As far as I am understand the order for this query is the problem: No index done here.
Because the query first sorts, then selects all with a manual row number, then selects only 40... (of course on page 2 of my grid it gets Rows 41 to 81...)
I COULD do an Index on my "Created desc" and the query would be much much faster, BUT every column is sortable for my grid which means "Created desc" could be every other column of my table and of course desc and asc order!
So, how to improve this?
//Edit:
Sorry to forget that:
The inner query (Inner Select) runs 6 seconds, while the total query runs 31 seconds...
Which means the "WITH ORDERES AS" is the problem here!
First things first: you have a performance problem, approach it with a proper methodology and measure appropriately. The inner query (Inner Select) runs 6 seconds, while the total query runs 31 seconds... Which means ... is amateurism. Read How to analyse SQL Server performance for correct ways to measure performance. And before we continue, if you start from 6 seconds you have already lost the game.
Now, on to the question.
WHERE State in('Appointed','Accepted') AND [xxx] LIKE '%1%' AND [yyy] LIKE '%2%'
This expression is basically non-indexable. Even if you add an index on State it will not help because of the low cardinality (few values with many rows each). And like '% ... %' is unindexable because it searches for values in the middle of the text.
You could try to replace like '% ... %' with a full-text search like CONTAINS ... which will be faster, provider you search for specific enough terms. But it does require you to deploy and configure properly the full-text indexes.
As for the paging, I do not favor much the ROWNUMBER approach. Even when a sort column exists, it involves a scan and count to skip the number of rows and gets slower and slower as you go to higher pages. I much more recommend the key based approach:
SELECT TOP (page size) ...
WHERE keys > <last row>
ORDER BY...
but this approach is more difficult to implement as it requires keeping track of keys rather than the page number.
But expect no miracles. You are asking a relational OLTP system to do the work of an ElasticSearch/Solr. It will never work as you expect. Use a tool appropriate for the job (a Search engine). Also read Dynamic Search Conditions in T‑SQL for a more thorough discussion, but again, expect no miracles.

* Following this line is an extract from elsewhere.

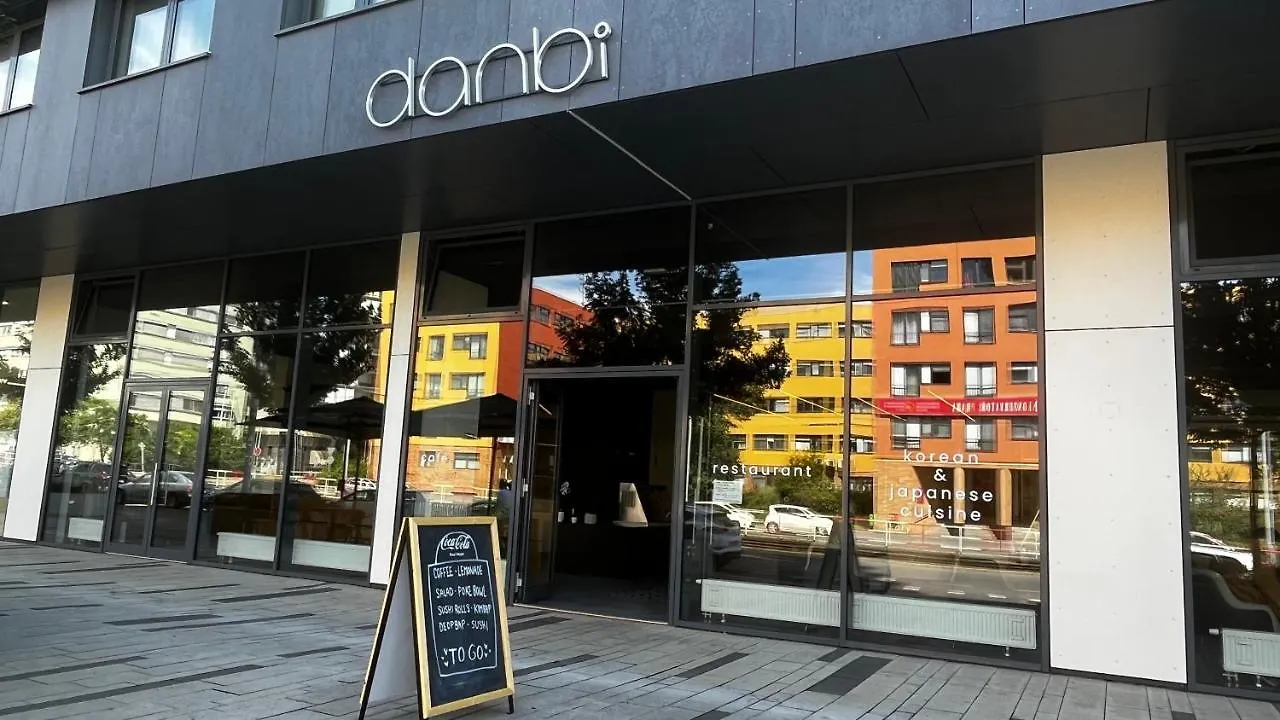 Apartment Residence Garden Tower - 8 Min Do Centra, Garaz Prague Czech Republic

Querying Sql server with index for range

I am using SQL SERVER 2012 that is running on windows datacenter 2012,
I have a database with a table that is build as followed :
[ID] (pk,int not null)
[Start] (float,null)
[End] (float, null)
[CID] (int,null) --country id
I have a web service that gets an IP, translate it to decimal
(may refer to this : IP address conversion to decimal and vice versa) and request the database server for the country id
The table mentioned at first contains ~200K rows with start and end values representing IP ranges as decimal and a countryid related to each range,
I have encountered a really high CPU usage against some heavy traffic we have been dealing, so i added indexes on the start and end columns, afterwards the cpu got a little bit better but i think it should have been much more, its simply suppose to work as a search in a sorted list which should be extremely fast, though the expected result i had from adding the index were far from reality,
I suppose it is because its not searching a list but searching a range
What would be the best way to efficient this situation, since i am just sure that the resources this simple action is taking me is way to much than it should.
Here is a picture from the activity monitor now (lower traffic, after indexing) :
This is running on Azure ExtraLarge VM (8 cores 14GB memory) - the vm is doing nothing but running a sql server with 1 table that only translates this 1 request ! the VM CPU on this lower traffic is ~30% and ~70% on higher traffic, i am sure some structure/logical changes should make a really small server\service handle this easily.
SELECT TOP 1 *
FROM IP
WHERE StartIP <= yourIP
ORDER BY StartIP
This gets you the nearest IP range above the given IP. You then need to test whether the EndIP also matches. So:
SELECT *
FROM (
SELECT TOP 1 *
FROM IP
WHERE StartIP <= yourIP
ORDER BY StartIP
) x
WHERE EndIP >= yourIP
This amounts to a single-row index seek. Perfect performance.
The reason SQL Server cannot automatically do this is that it cannot know that IP ranges are ordered, meaning that the next StartIP is always greater than the current EndIP. We could have ranges of the form (100, 200), (150, 250). That is clearly invalid but it could be in the table.
In my opinion you main problem is the lack of "parameterization" because (a) query compilation is/can be expensive and (b) these "unparamterized" queries seems to have a lot of executions. And the available screenshot shows two things regarding this aspect:
1) The recent expensive queries aren't "parameterized".
2) High values for "Plan count":
Plan Count The number of cached query plans for this query. A large
number might indicate a need for explicit query parameterization. For
more information, see Specifying Query Parameterization Behavior by
Using Plan Guides.
Source
So, I would try to use parameters for these queries:
SELECT TOP(1) CountryId FROM [IP] WHERE Column1 <= #param AND #param <= Column2
If you can't change the application (how SQL requests are sended to SQL Server) then you could try plan guides:
http://technet.microsoft.com/en-US/library/ms191275(v=sql.90).aspx

long running queries: observing partial results?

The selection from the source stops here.